Records from a data collection:
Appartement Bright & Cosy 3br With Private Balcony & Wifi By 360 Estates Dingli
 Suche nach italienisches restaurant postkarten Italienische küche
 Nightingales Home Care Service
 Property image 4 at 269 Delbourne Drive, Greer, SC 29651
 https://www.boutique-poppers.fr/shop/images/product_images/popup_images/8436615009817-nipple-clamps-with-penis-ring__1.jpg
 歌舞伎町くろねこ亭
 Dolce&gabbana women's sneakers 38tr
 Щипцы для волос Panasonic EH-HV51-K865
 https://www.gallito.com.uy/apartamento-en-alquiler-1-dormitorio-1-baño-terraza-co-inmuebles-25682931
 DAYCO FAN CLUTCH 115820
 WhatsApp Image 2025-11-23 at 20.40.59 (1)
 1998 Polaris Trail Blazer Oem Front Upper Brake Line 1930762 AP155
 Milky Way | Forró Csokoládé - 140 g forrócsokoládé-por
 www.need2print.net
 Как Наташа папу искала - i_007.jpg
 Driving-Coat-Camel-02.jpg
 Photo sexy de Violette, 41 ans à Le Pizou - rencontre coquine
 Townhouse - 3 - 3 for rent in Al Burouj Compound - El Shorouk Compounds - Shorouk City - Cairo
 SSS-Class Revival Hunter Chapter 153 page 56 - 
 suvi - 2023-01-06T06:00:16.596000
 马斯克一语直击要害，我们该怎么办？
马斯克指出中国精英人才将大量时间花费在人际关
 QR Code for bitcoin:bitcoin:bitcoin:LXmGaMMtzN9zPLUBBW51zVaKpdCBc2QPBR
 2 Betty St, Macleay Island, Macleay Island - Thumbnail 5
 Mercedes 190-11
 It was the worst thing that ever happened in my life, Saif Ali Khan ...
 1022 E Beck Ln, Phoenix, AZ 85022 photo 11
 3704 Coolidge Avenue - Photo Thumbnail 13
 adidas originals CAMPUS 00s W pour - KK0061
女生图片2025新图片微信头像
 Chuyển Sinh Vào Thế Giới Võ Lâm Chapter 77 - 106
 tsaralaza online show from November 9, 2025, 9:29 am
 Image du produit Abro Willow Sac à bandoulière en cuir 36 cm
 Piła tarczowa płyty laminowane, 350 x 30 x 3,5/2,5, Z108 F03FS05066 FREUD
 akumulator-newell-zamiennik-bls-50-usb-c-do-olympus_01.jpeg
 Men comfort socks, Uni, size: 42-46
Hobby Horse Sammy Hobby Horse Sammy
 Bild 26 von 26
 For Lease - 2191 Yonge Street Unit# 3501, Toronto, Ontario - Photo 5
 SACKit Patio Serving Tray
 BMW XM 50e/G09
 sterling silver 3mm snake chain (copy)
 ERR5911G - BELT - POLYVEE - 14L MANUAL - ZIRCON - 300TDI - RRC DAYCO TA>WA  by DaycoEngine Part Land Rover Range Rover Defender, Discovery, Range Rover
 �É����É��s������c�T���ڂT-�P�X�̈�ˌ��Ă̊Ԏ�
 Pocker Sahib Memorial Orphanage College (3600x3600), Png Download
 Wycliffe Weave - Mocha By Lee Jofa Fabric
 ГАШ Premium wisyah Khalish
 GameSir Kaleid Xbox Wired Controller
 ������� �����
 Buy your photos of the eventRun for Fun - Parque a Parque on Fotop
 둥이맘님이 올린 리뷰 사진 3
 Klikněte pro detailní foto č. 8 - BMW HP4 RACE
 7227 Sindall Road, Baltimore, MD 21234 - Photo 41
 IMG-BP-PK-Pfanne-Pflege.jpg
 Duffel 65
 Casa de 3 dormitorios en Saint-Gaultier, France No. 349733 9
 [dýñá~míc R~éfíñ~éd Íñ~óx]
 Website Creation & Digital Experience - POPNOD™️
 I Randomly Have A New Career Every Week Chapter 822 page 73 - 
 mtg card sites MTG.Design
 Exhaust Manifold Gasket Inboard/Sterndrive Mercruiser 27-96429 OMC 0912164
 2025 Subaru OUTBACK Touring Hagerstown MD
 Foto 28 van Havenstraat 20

- Aim of the task: Reproduce the entries in full, exactly as written.

- Solution:
Appartement Bright & Cosy 3br With Private Balcony & Wifi By 360 Estates Dingli
 Suche nach italienisches restaurant postkarten Italienische küche
 Nightingales Home Care Service
 Property image 4 at 269 Delbourne Drive, Greer, SC 29651
 https://www.boutique-poppers.fr/shop/images/product_images/popup_images/8436615009817-nipple-clamps-with-penis-ring__1.jpg
 歌舞伎町くろねこ亭
 Dolce&gabbana women's sneakers 38tr
 Щипцы для волос Panasonic EH-HV51-K865
 https://www.gallito.com.uy/apartamento-en-alquiler-1-dormitorio-1-baño-terraza-co-inmuebles-25682931
 DAYCO FAN CLUTCH 115820
 WhatsApp Image 2025-11-23 at 20.40.59 (1)
 1998 Polaris Trail Blazer Oem Front Upper Brake Line 1930762 AP155
 Milky Way | Forró Csokoládé - 140 g forrócsokoládé-por
 www.need2print.net
 Как Наташа папу искала - i_007.jpg
 Driving-Coat-Camel-02.jpg
 Photo sexy de Violette, 41 ans à Le Pizou - rencontre coquine
 Townhouse - 3 - 3 for rent in Al Burouj Compound - El Shorouk Compounds - Shorouk City - Cairo
 SSS-Class Revival Hunter Chapter 153 page 56 - 
 suvi - 2023-01-06T06:00:16.596000
 马斯克一语直击要害，我们该怎么办？
马斯克指出中国精英人才将大量时间花费在人际关
 QR Code for bitcoin:bitcoin:bitcoin:LXmGaMMtzN9zPLUBBW51zVaKpdCBc2QPBR
 2 Betty St, Macleay Island, Macleay Island - Thumbnail 5
 Mercedes 190-11
 It was the worst thing that ever happened in my life, Saif Ali Khan ...
 1022 E Beck Ln, Phoenix, AZ 85022 photo 11
 3704 Coolidge Avenue - Photo Thumbnail 13
 adidas originals CAMPUS 00s W pour - KK0061
女生图片2025新图片微信头像
 Chuyển Sinh Vào Thế Giới Võ Lâm Chapter 77 - 106
 tsaralaza online show from November 9, 2025, 9:29 am
 Image du produit Abro Willow Sac à bandoulière en cuir 36 cm
 Piła tarczowa płyty laminowane, 350 x 30 x 3,5/2,5, Z108 F03FS05066 FREUD
 akumulator-newell-zamiennik-bls-50-usb-c-do-olympus_01.jpeg
 Men comfort socks, Uni, size: 42-46
Hobby Horse Sammy Hobby Horse Sammy
 Bild 26 von 26
 For Lease - 2191 Yonge Street Unit# 3501, Toronto, Ontario - Photo 5
 SACKit Patio Serving Tray
 BMW XM 50e/G09
 sterling silver 3mm snake chain (copy)
 ERR5911G - BELT - POLYVEE - 14L MANUAL - ZIRCON - 300TDI - RRC DAYCO TA>WA  by DaycoEngine Part Land Rover Range Rover Defender, Discovery, Range Rover
 �É����É��s������c�T���ڂT-�P�X�̈�ˌ��Ă̊Ԏ�
 Pocker Sahib Memorial Orphanage College (3600x3600), Png Download
 Wycliffe Weave - Mocha By Lee Jofa Fabric
 ГАШ Premium wisyah Khalish
 GameSir Kaleid Xbox Wired Controller
 ������� �����
 Buy your photos of the eventRun for Fun - Parque a Parque on Fotop
 둥이맘님이 올린 리뷰 사진 3
 Klikněte pro detailní foto č. 8 - BMW HP4 RACE
 7227 Sindall Road, Baltimore, MD 21234 - Photo 41
 IMG-BP-PK-Pfanne-Pflege.jpg
 Duffel 65
 Casa de 3 dormitorios en Saint-Gaultier, France No. 349733 9
 [dýñá~míc R~éfíñ~éd Íñ~óx]
 Website Creation & Digital Experience - POPNOD™️
 I Randomly Have A New Career Every Week Chapter 822 page 73 - 
 mtg card sites MTG.Design
 Exhaust Manifold Gasket Inboard/Sterndrive Mercruiser 27-96429 OMC 0912164
 2025 Subaru OUTBACK Touring Hagerstown MD
 Foto 28 van Havenstraat 20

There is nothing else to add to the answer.